Return only the lines from the start of the records through the line that contains "Goose Or Treat", inclusive; leave out all pictures.

Source data:
*** Block opens ***

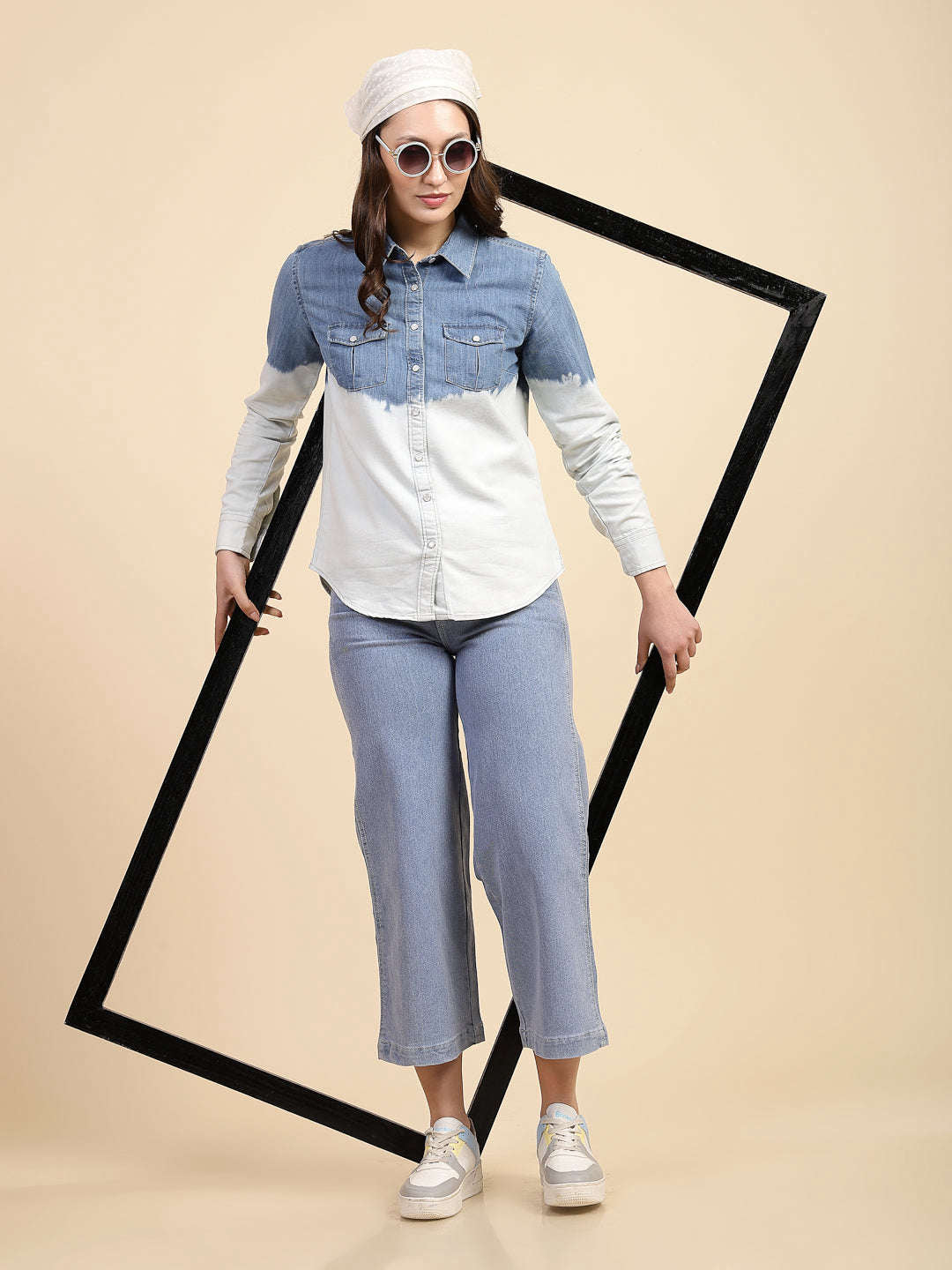 Shop Women Solid Denim Shirt Online.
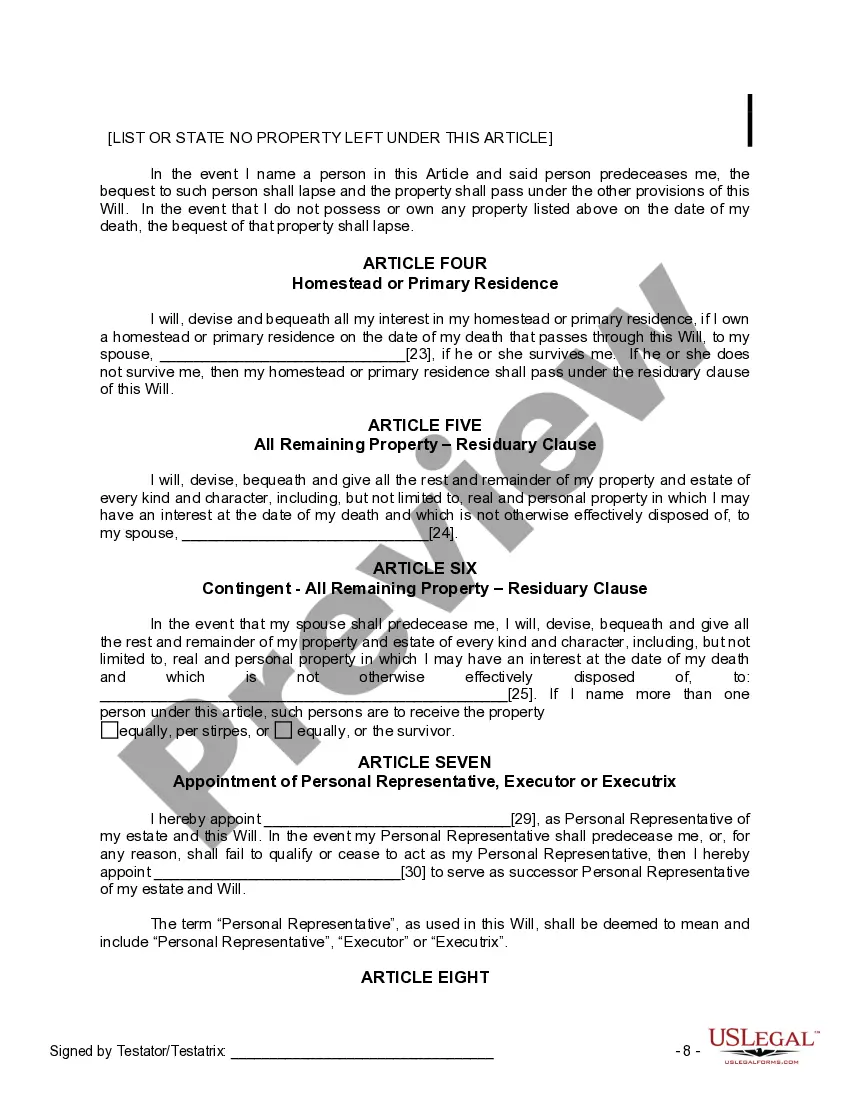 Preview Last Will and Testament for a Married Person with No Children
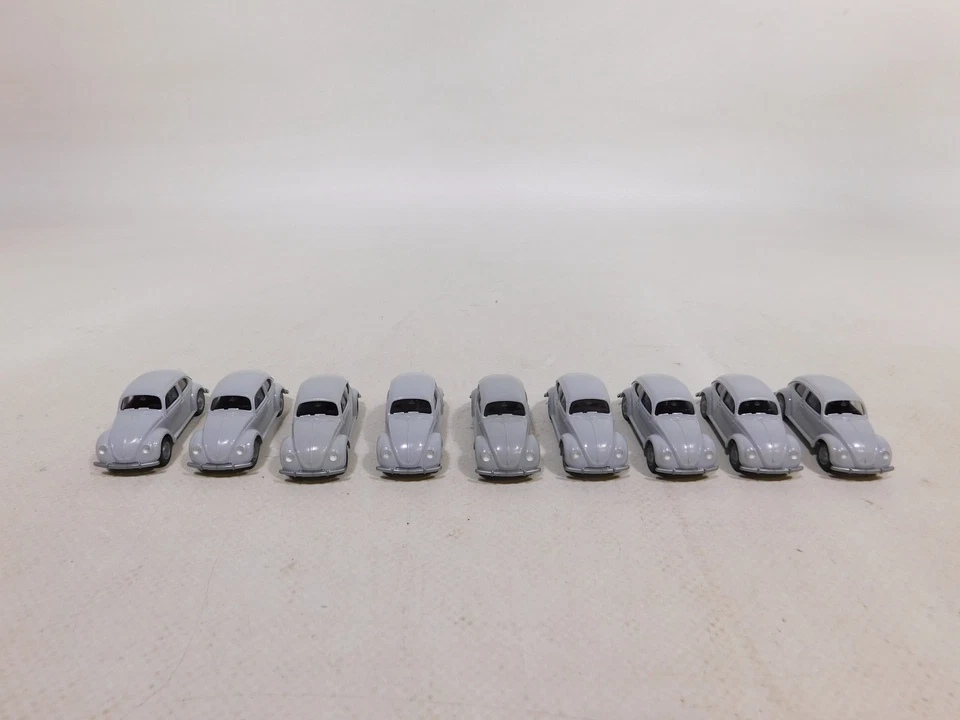 9x wiking H0 1:87 830? Autovettura Volkswagen VW Brezelkäfer Käfer Grigio Mint # - Immagine 4 di 4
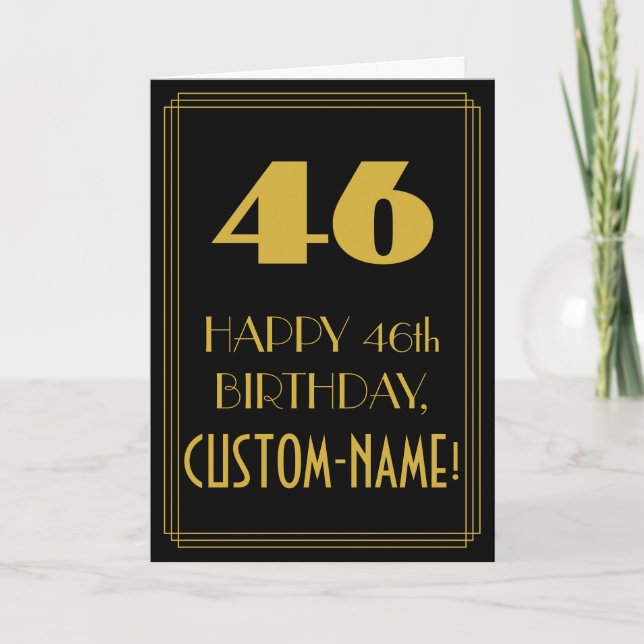 Carte 46e anniversaire ~ Art Déco Inspiré Look "46" & No (Devant)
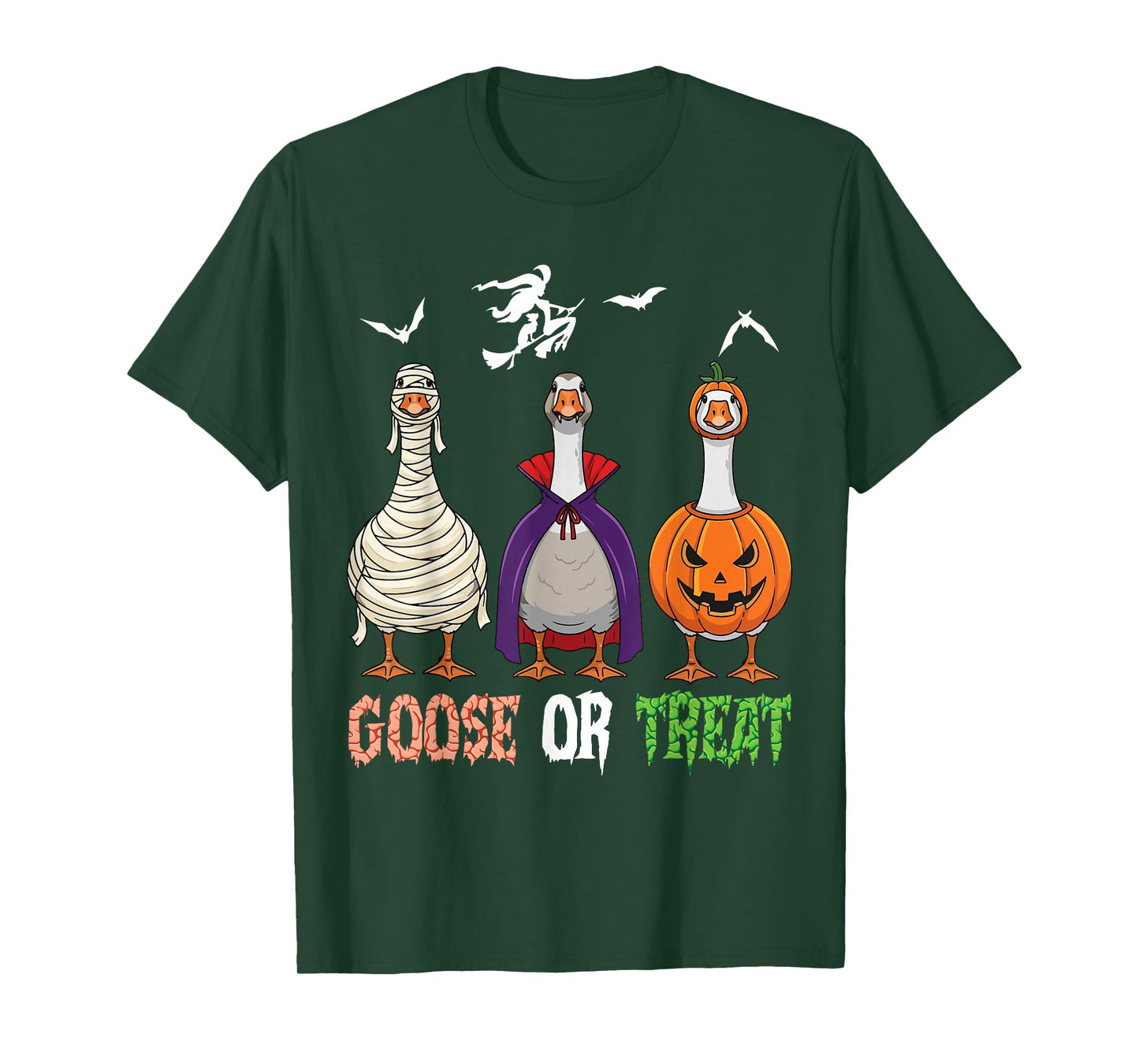 Goose Or Treat Halloween Witch Ghost Pumpkin Gooses Costume T-Shirt
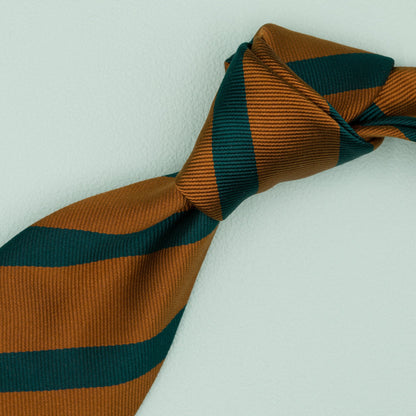 オレンジとグリーンのワンストライプネクタイ｜FOURBUTTONS Necktie - FOURBUTTONS ONLINE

*** Block closes ***

#### [Answer below]
 Shop Women Solid Denim Shirt Online.
 Preview Last Will and Testament for a Married Person with No Children
 9x wiking H0 1:87 830? Autovettura Volkswagen VW Brezelkäfer Käfer Grigio Mint # - Immagine 4 di 4
 Carte 46e anniversaire ~ Art Déco Inspiré Look "46" & No (Devant)
 Goose Or Treat Halloween Witch Ghost Pumpkin Gooses Costume T-Shirt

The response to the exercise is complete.